GOAL OF THE EXERCISE: The expected answer is the data below, printed verbatim without its pictures.

SUPPLIED MATERIAL:
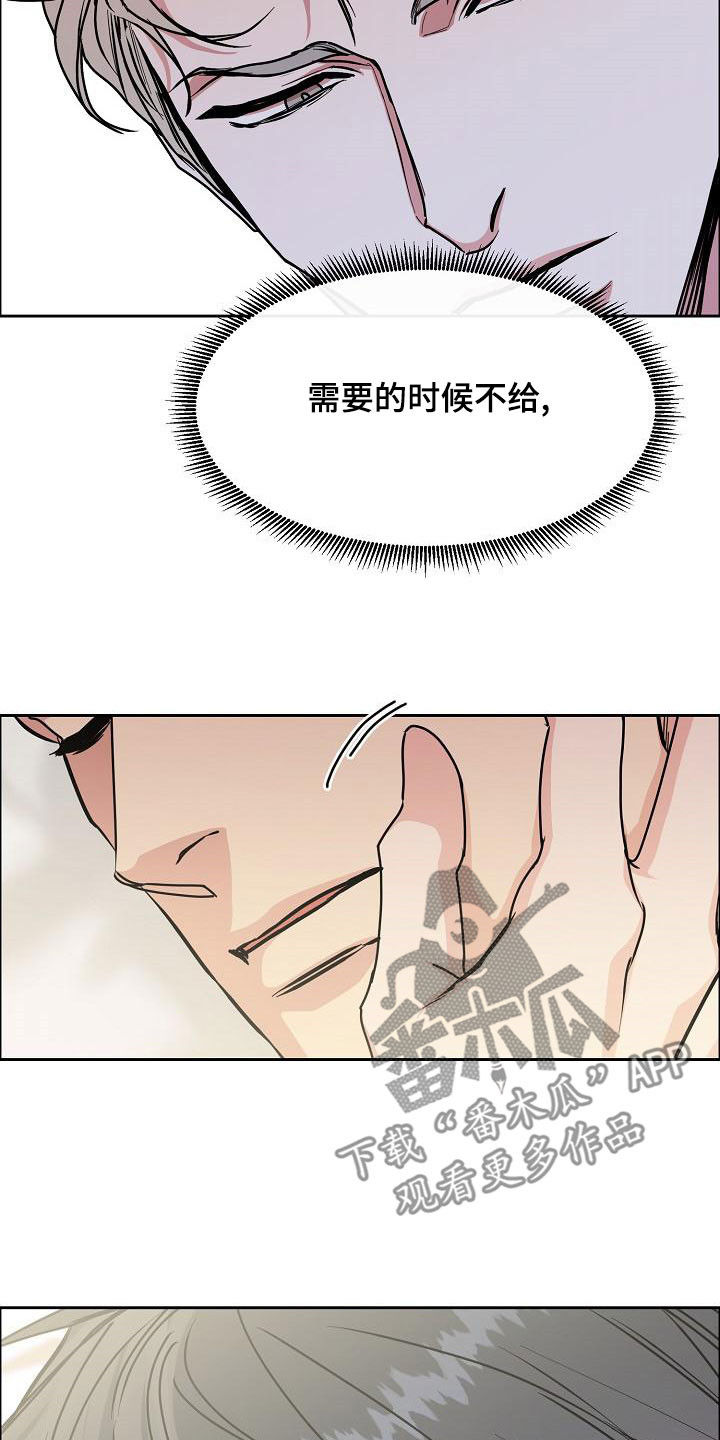 攻陷东京漫画,第166章：【第四季完结】辞职2图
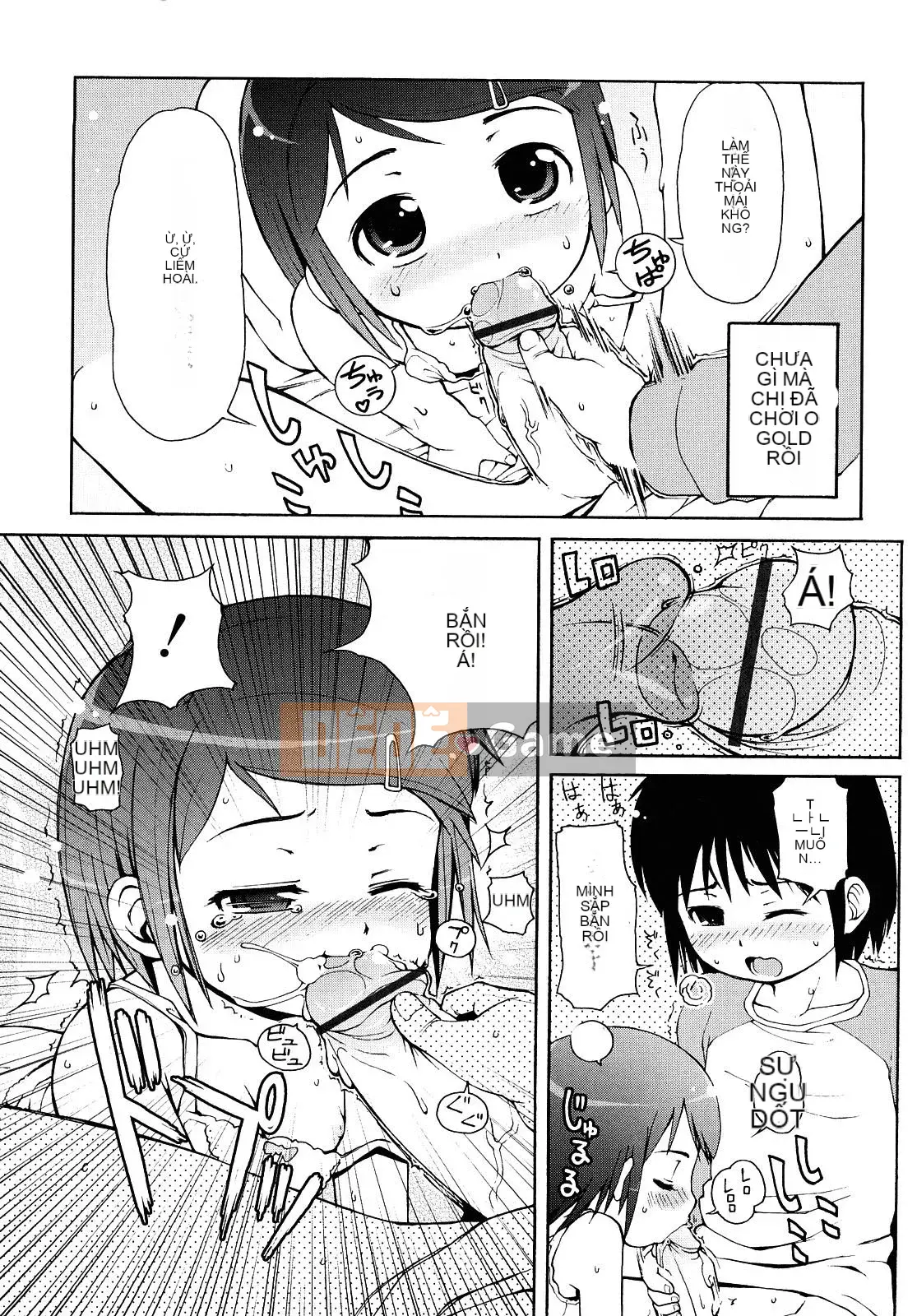 [[LEE] Chào mừng đến với suối nước nóng Kemomimi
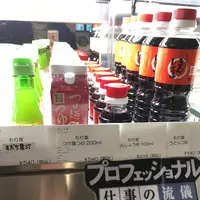 本格手打ちもり家 東京店の写真・動画_image_699491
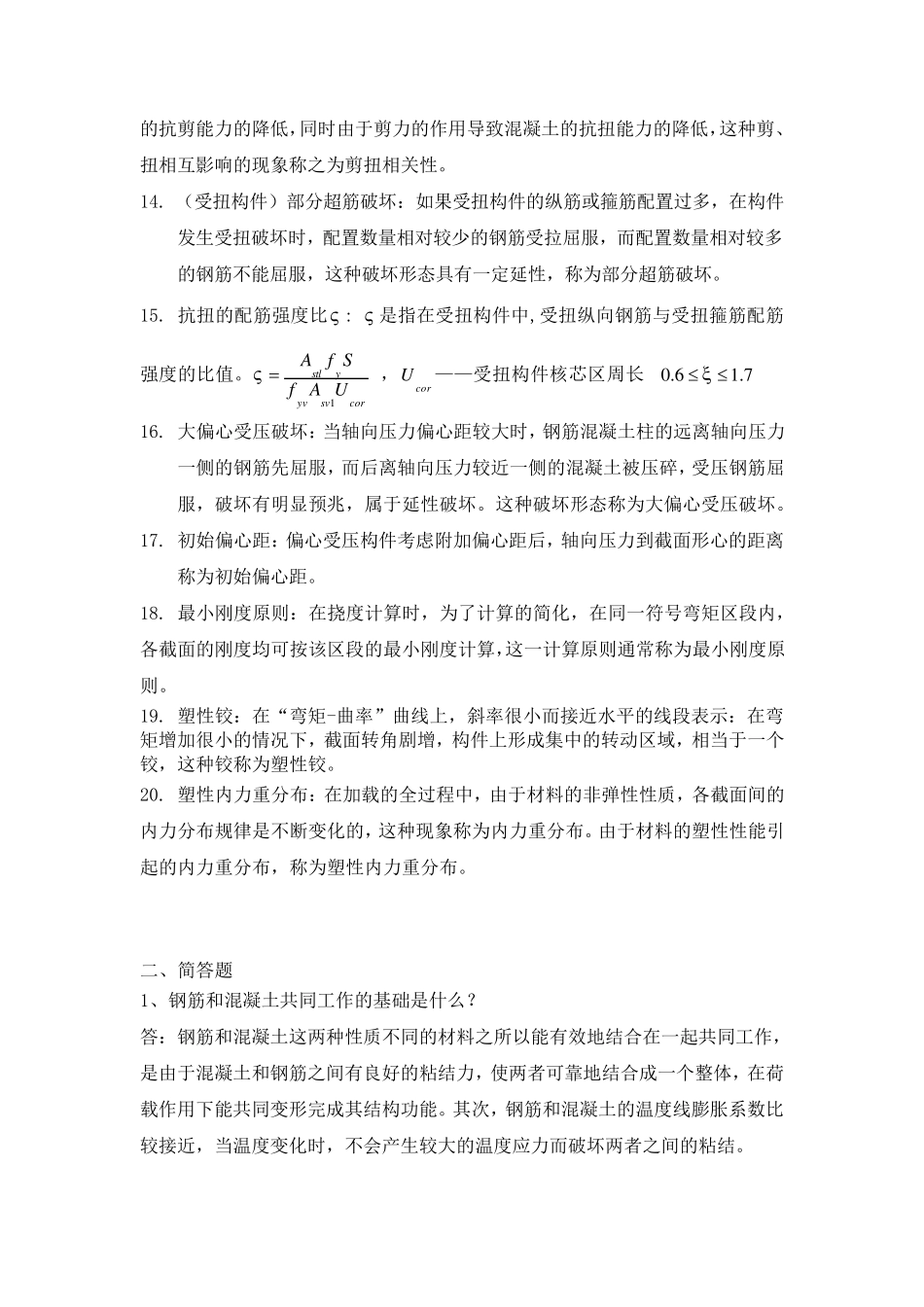 混凝土名词解释、简答题_第2页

WRITTEN SOLUTION:
 攻陷东京漫画,第166章：【第四季完结】辞职2图
 [[LEE] Chào mừng đến với suối nước nóng Kemomimi
 本格手打ちもり家 東京店の写真・動画_image_699491
 混凝土名词解释、简答题_第2页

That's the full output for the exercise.